_WHAT THE TASK REQUIRES_
Transcribe the entries below exactly, starting with the line that has "Lade das Bild" and stopping after the line that has "Cassino Oweletpg: Uma"; no pictures belong in the copy.

##### THE INPUT #####

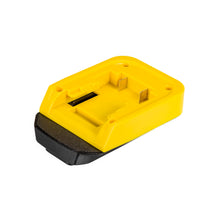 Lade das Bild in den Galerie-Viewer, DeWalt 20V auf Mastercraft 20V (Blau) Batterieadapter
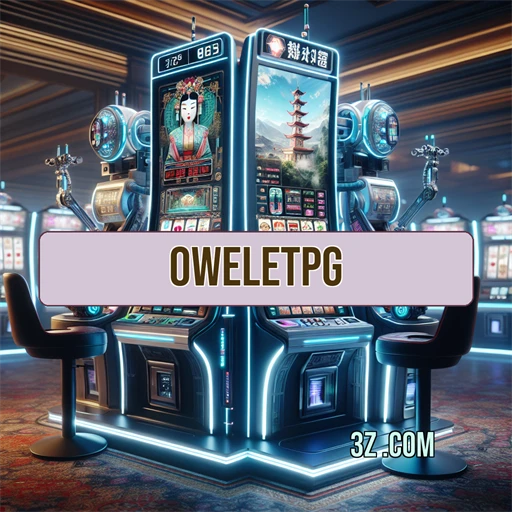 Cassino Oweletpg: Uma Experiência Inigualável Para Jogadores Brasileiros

#####
##### THE INPUT #####

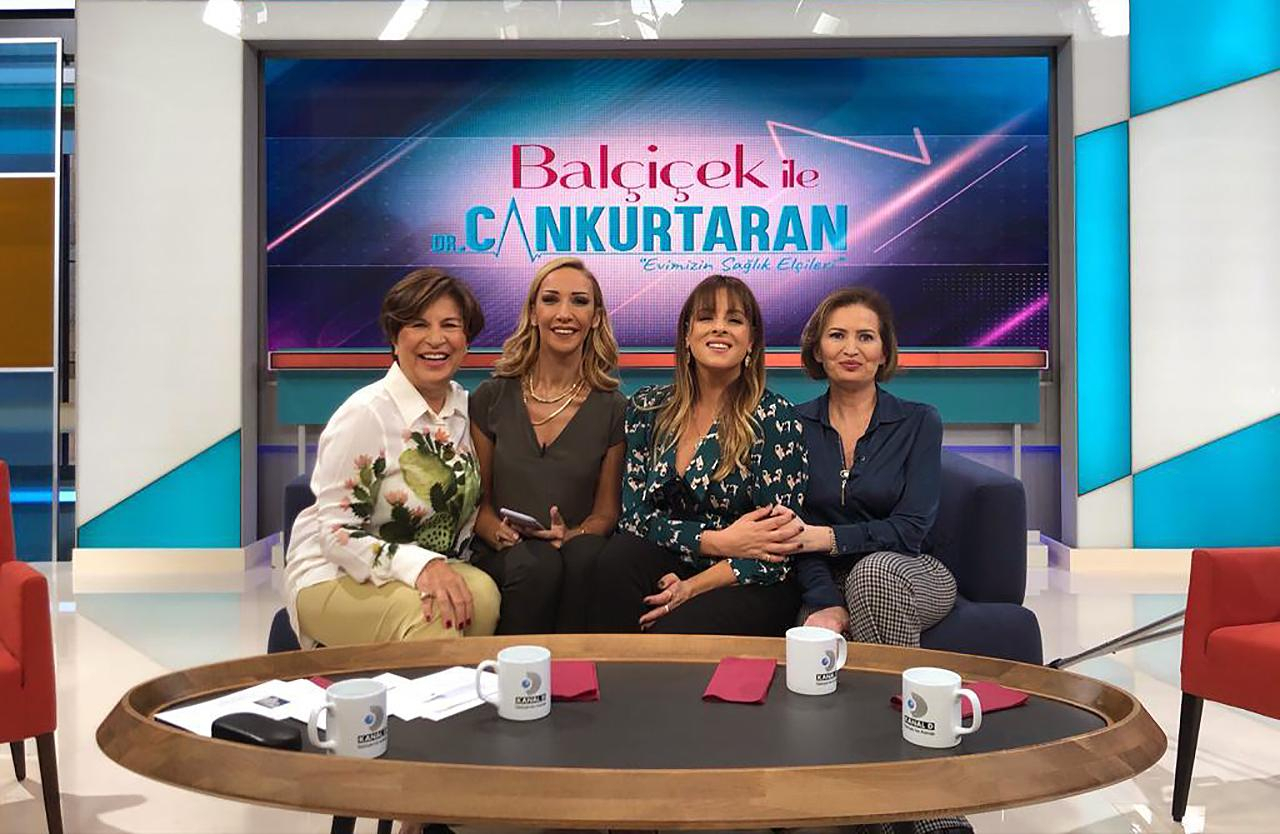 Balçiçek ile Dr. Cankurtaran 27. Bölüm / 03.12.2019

#####
##### THE INPUT #####

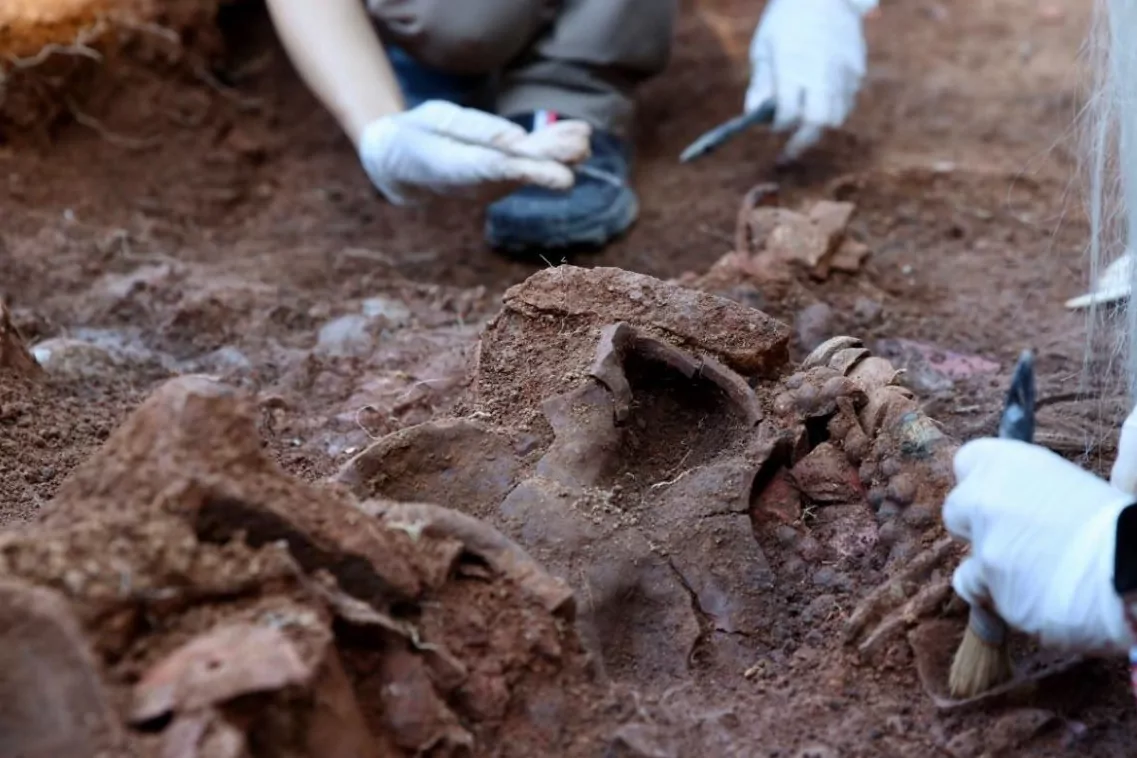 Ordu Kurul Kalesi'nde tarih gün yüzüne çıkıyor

#####

_TASK ANSWER_
 Lade das Bild in den Galerie-Viewer, DeWalt 20V auf Mastercraft 20V (Blau) Batterieadapter
 Cassino Oweletpg: Uma Experiência Inigualável Para Jogadores Brasileiros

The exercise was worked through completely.